Welcome to August and welcome to another edition of In-Process!
First, thanks to everyone who has provided feedback about the new sounds in recent “Next” builds. The proposed new sounds were for starting and exiting NVDA, and going into focus and browse modes. There was a very mixed reaction to the proposed change. Some liked the new sounds. Some liked the idea of new sounds, but not the ones chosen, and others preferred to leave things as they were. For now, the best option seems to be to keep using the previous sounds while we look at other options. One thing that is clear, is that there is no one size fits all solution, including the current sounds. We are investigating ways of making it easier to create and distribute sound packs. That work won’t happen immediately so the sounds in 2017.3 will be the same as in 2017.2. There won’t be anything new sound-wise for a few releases, but we wanted to keep you up to date on where it was at.
Another change, not as noticeable to many users, and hopefully not as contentious is an updated NVDA icon. The current dark grey shaded icon has been in use for nearly 10 years. It was first created for Windows XP, which had a light grey system tray which showed up the dark grey logo very well. Recent versions of Windows have moved towards a darker system tray. This provides very little contrast with the existing NVDA icon. The updated icon features the same logo in a flat white, on a solid purple background. This ensures it will be visible on any colour background and uses the purple from the NV Access logo. The new logo is available in the latest Next and Master builds.

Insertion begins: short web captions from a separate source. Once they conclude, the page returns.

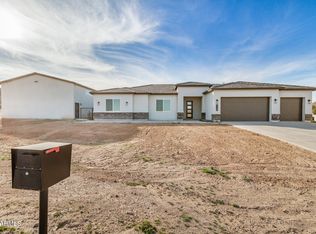 31348 N Tanner Dr, San Tan Valley, AZ 85144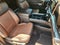 2024 Ford F-250SD King Ranch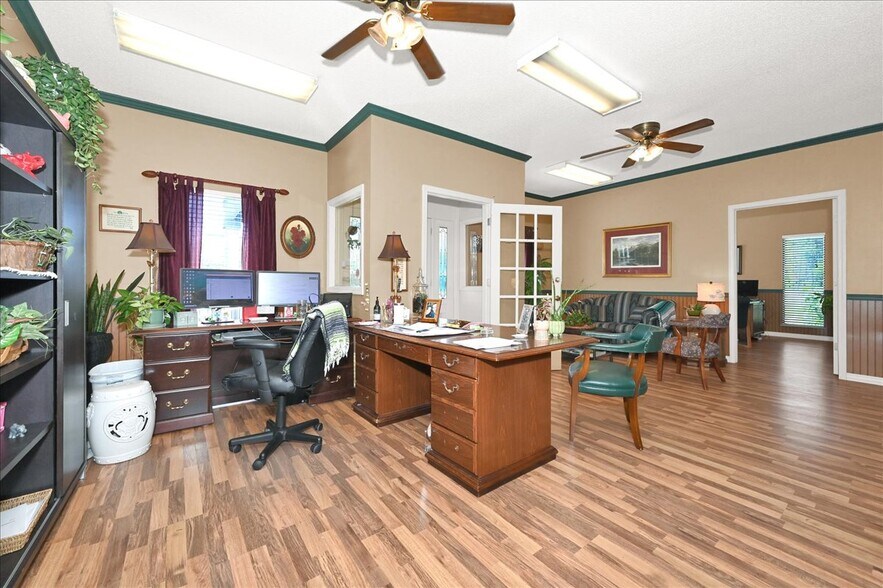 More Photos Of 7434 AL Highway 157, Cullman Office For Sale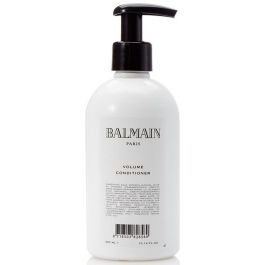 Volume, Acondicionador de cabello, Para el volumen, 300 ml Precio: 38.78999971. SKU: B13SPLAKXA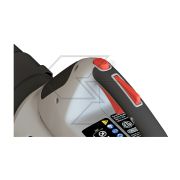 Blower Oregon Bl300
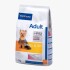 HPM ADULT DOG SMALL & TOY 7 KG Hpm Adult Dog Small & Toy 7 Kg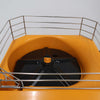 Zumex ZUMEX VERSATILE PRO Juicer (5)
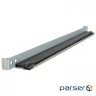 Dosing blade Samsung ML-2955 Kuroki (LP229MS)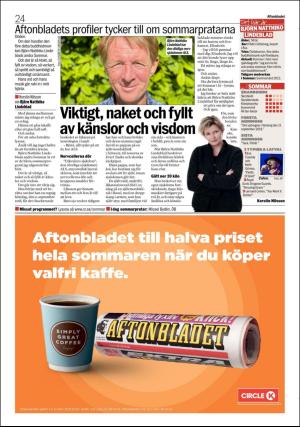 aftonbladet_3x-20200627_000_00_00_024.pdf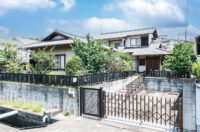 倉敷市笹沖　売家　2780万円　浅野不動産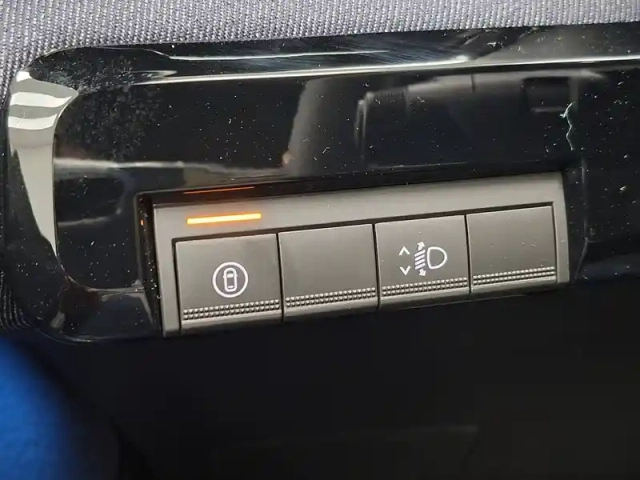 Renault 4 renault  e-tech electrique 150 ch autonomie confort — photo 61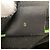 Hugo Boss Soody x Pullover Hoodie Noir - vue 5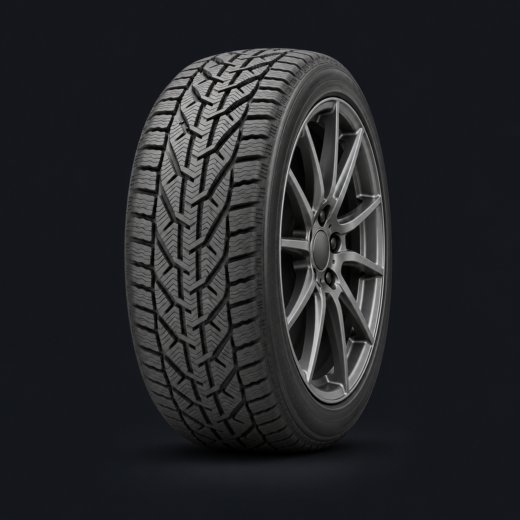 SEBRING 175/65R14 82T FORMULA SNOW+ (601)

For those wondering, the NVDA logo is a stylised blend of the letters NVDA. It has a vertical line on the left with a little hook at the bottom. Then from the top, a straight diagonal line comes down to the right. Next, a line curves in a semi-circle out to the right then back up to the top, and finally, there is a little hook down to finish. All three lines form an N. The vertical and diagonal lines make the letter A (without the cross bar). The diagonal and curved lines form a V, and the curve is the right part of the D.
In other news, work continues apace on ARIA 1.1. Grids are now incubating and should be in master later this week.
Windows 10 OCR has been very well received by beta testers. For users of Windows 10, NVDA 2017.3 will have a built in OCR which works the same as the OCR add-on. This is available in Windows 10 only because it uses an OCR functionality which Microsoft has included in Windows 10. Users of earlier versions of Windows can still use the OCR add-on, which provides similar functionality. Both features work by looking for text in an image. Navigate to a graphic such as a meme on a web page, or an untagged PDF. Next, press NVDA+r to process the image. Any text found will then be available with the regular navigation keys.
Mick is visiting Microsoft next week with other AT vendors. This is a great opportunity to share issues which have arisen for all screen reader users. We will all work together to improve the experience for everyone in Windows and Office.
That’s about all for this time around. For those anxiously awaiting more news on when 2017.3 will be out, you’ll be pleased to know it’s on its way. The code freeze is this week, so translators have time to get their work up to date. So, when the next In-Process comes out in about a fortnight, we will be putting the final touches on NVDA 2017.3RC1!